学校の給食にプラントベースが増やせないか検討してもらったり、食料品店やレストランでもヴィーガン・ベジタリアンアイテムを増やしていこうとしています。
オランダの大学であるWageningen大学もこのイベントに乗っかり、キャンペーンを通じて人々の食生活や購買にどのような変化が出たのかを調査しています。
なお、オランダはプラントベース食材への切り替えを着々と進んでいることで有名です。2022年には「プラントベースだから高い」というイメージを払拭することにも成功しています。こちらの記事で詳しく説明しています。
町のイベントに地元のスポーツ選手も参戦!
アルテナで始まった「プラントベース・トゥゲザー」キャンペーンには、力強いサポーターがついています。

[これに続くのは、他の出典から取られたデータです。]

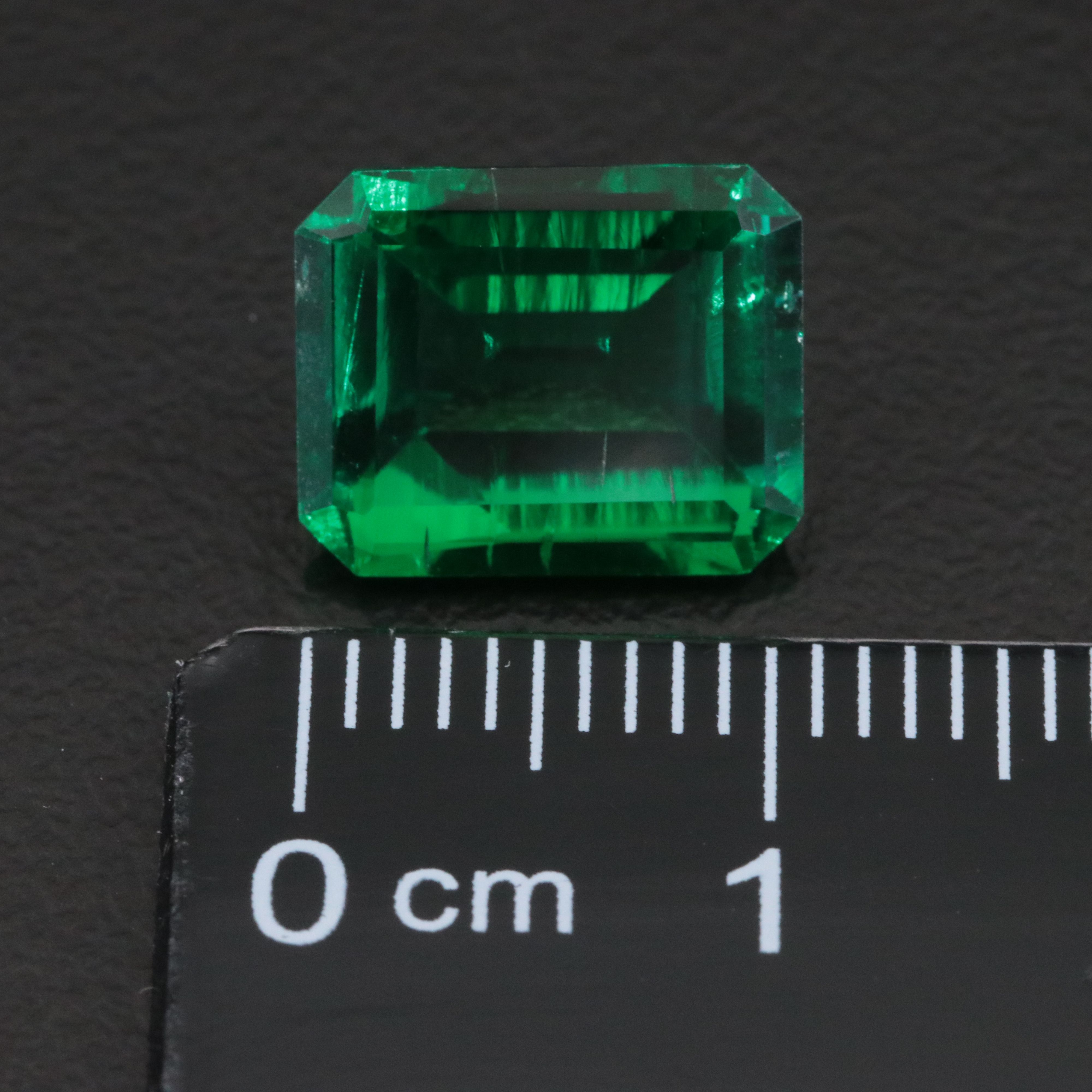 Loose 3.83 CT Lab Grown Emerald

この町出身であり、オリンピック出場経験のあるビーチバレーボール選手のRaïsa Schoonさんが、インフルエンサーとなって盛り上げています。
地元アルテナの人に向けた「もっとプラントベース食を食べよう」というメッセージビデオも作り、多くの人の注目を集めています。

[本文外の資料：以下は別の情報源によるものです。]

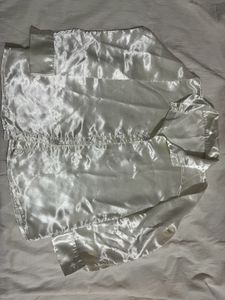Silky White Top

運動をする人こそ、体に気を使っているといイメージがありますが、今でもまだ「肉を食べて体を作る」という考え方は広がっています。
だからこそ、オリンピックに出るようなプロ選手がプラントベース食を楽しんでいるというのは、多くの人の意識改革に繋がっているのではないでしょうか。
「プラントベース・トゥゲザー」とは?
今回オランダで展開されているキャンペーンは「プラントベース・トゥゲザー」というスローガンが掲げられています。

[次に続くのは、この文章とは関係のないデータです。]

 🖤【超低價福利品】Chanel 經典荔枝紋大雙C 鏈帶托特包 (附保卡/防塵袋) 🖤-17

日本語に訳すると「一緒にプラントベースしよう!」といったところでしょうか。
このキャンペーンを通じてメディアやSNSから聞いたことのある「プラントベース」「植物性食品」を、実際に町に取り揃えてもらう。そして、実際に食べてもらうことで、生活に取り入れてほしいというのが狙いです。
だからこそ、給食やレストランでのメニュー開発に力を入れたり、スーパーマーケットでは特設試食会場を設けるなどの「実際に食べられる場」を作っています。
「アルテナ」が最初の町に選ばれたワケ
このような大きなキャンペーンとなると、大きな都市で実施する方が、良いのでは?と感じる人もいるかもしれません。なぜ、小さな北部の町アルテナが選ばれたのでしょうか。
「プラントベース・トゥゲザー」は、このアルテナをスタート地点として、ほかの町にも広がっていく予定です。
このアルテナが最初のパイロットケースに選ばれた理由は「現時点でまだあまりプラントベースが広まっていない」という点が大きかったそうです。
だからこそ、町をあげてイベント化することで、どれだけ浸透率を上げられるのかが注目されています。
オランダにおけるプラントベース事情
ヨーロッパのプラントベース浸透率は高いイメージがありますが、オランダは一体どうなのでしょうか。具体的な数値をご紹介しながら、ますます加速しそうなオランダのプラントベース事情をご紹介します。
オランダ政府はプラントベース化に積極的
オランダはプラントベーストレンドが着々と進んでいます。
それもそのはず、国が積極的にいろいろなキャンペーンを仕掛けるなどして、国民の意識改革に乗り出しているからです。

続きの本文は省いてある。